I'm not quite sure what to make of this. The D200 is one of the highest resolution cameras on the market in APS or 35mm format, but it's not a "full frame" Hasselblad with a digital back. I'm sure I can convert a D200 RAW file into something that's 50MB, but the file itself is about 16MB. The D200 is 10MP, Hasselblad just introduced a top-of-the-line 39MP camera, I doubt you'll find anything that's 50MP.
I guess the real question is "would a scan of a 35mm slide be sufficient?" If the answer is "yes" then a 10MP camera like the D200 is frequently reviewed as having comparable or better resolution than 35mm film.
I believe that they will be looking for a tiff file at 50Mb.

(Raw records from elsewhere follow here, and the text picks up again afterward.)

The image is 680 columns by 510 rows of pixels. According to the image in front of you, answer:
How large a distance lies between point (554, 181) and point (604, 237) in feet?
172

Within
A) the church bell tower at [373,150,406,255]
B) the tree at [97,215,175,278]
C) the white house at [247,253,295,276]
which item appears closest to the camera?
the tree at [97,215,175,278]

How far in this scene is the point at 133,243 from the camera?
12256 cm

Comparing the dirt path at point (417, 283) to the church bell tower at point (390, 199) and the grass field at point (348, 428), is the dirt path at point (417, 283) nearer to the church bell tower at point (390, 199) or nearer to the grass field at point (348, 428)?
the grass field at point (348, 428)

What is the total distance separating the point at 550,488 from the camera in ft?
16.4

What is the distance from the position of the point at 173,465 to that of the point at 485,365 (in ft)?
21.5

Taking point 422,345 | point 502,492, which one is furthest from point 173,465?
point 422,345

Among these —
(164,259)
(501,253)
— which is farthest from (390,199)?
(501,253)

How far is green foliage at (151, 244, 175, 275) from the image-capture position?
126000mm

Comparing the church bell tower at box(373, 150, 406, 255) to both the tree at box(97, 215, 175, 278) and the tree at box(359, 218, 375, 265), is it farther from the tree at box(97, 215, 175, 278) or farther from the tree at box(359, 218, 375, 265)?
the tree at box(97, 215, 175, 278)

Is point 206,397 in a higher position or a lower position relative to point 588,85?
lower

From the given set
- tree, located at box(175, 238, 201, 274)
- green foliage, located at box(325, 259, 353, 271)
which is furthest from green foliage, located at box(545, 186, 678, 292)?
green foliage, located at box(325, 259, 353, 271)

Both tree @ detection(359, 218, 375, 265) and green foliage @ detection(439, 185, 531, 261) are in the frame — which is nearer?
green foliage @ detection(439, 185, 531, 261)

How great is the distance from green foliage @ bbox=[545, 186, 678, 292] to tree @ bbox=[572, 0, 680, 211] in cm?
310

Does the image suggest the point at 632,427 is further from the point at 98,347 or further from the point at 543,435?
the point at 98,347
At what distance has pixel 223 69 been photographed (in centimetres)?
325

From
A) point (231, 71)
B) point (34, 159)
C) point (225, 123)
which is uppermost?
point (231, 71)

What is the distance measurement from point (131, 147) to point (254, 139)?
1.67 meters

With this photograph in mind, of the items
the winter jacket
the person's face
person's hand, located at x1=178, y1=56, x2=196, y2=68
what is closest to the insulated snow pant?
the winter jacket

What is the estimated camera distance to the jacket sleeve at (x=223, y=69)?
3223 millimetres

An uncropped image from the D200 comes in around 48Mb (off the top of my head) once it is converted to a 16-bit tiff. You can ask if this is good enough, if not it is only a slight up-res to 50Gb.

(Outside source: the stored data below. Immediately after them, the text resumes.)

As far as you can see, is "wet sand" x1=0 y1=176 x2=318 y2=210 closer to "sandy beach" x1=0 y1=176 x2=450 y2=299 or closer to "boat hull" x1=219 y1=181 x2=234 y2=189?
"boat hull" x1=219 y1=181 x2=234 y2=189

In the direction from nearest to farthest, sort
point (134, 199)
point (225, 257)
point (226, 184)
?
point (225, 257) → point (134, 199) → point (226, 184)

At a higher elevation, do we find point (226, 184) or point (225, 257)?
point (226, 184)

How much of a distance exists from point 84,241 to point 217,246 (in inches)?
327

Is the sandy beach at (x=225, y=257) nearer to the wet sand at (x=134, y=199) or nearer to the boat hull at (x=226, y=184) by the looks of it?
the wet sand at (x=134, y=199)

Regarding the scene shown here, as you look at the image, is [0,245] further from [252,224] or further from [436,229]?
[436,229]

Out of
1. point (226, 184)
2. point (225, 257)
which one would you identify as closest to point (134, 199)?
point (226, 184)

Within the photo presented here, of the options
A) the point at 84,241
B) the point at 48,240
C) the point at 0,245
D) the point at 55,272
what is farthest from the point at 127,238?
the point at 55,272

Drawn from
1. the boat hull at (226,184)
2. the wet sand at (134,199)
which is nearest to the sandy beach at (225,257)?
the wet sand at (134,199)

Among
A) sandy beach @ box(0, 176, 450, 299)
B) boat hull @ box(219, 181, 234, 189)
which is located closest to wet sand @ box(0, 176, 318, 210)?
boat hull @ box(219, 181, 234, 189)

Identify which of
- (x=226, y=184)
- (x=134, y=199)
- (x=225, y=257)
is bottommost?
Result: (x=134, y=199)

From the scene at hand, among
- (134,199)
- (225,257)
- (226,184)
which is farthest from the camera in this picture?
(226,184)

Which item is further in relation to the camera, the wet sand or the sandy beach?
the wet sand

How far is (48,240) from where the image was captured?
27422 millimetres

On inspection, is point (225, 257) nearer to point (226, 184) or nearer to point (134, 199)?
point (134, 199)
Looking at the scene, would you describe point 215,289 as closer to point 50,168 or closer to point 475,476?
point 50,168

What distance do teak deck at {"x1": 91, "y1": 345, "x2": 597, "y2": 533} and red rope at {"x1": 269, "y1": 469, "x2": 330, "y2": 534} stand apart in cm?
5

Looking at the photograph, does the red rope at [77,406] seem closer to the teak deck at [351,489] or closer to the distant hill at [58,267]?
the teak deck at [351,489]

Always look on the bright side of life de dum de dum........... :) :) :) Dave C Scottish Nikonian My Gallery
>Hi, > >I believe that they will be looking for a tiff file at 50Mb. >An uncropped image from the D200 comes in around 48Mb (off >the top of my head) once it is converted to a 16-bit tiff. >You can ask if this is good enough, if not it is only a >slight up-res to 50Gb. > >Good luck!
And 50Gb would allow you to print large enough to cover your local skyscraper!
As the others say - TIFF uncompressed should be fine...
I guess what you want to know is can you submit to image libraries. Short answer - yes. Getty - probably the most selective - now want the camera to be a D200, a D2x, a 5D or a 1DsMkII. Check library requirements - generally they want 8 bit RGB interpolated (the most common way is PhotoShop bicubic) to 50 MB.
Photography is a bit like archery. A technically better camera, lens or arrow may not hit the target as often as it could if the photographer or archer does not practice enough.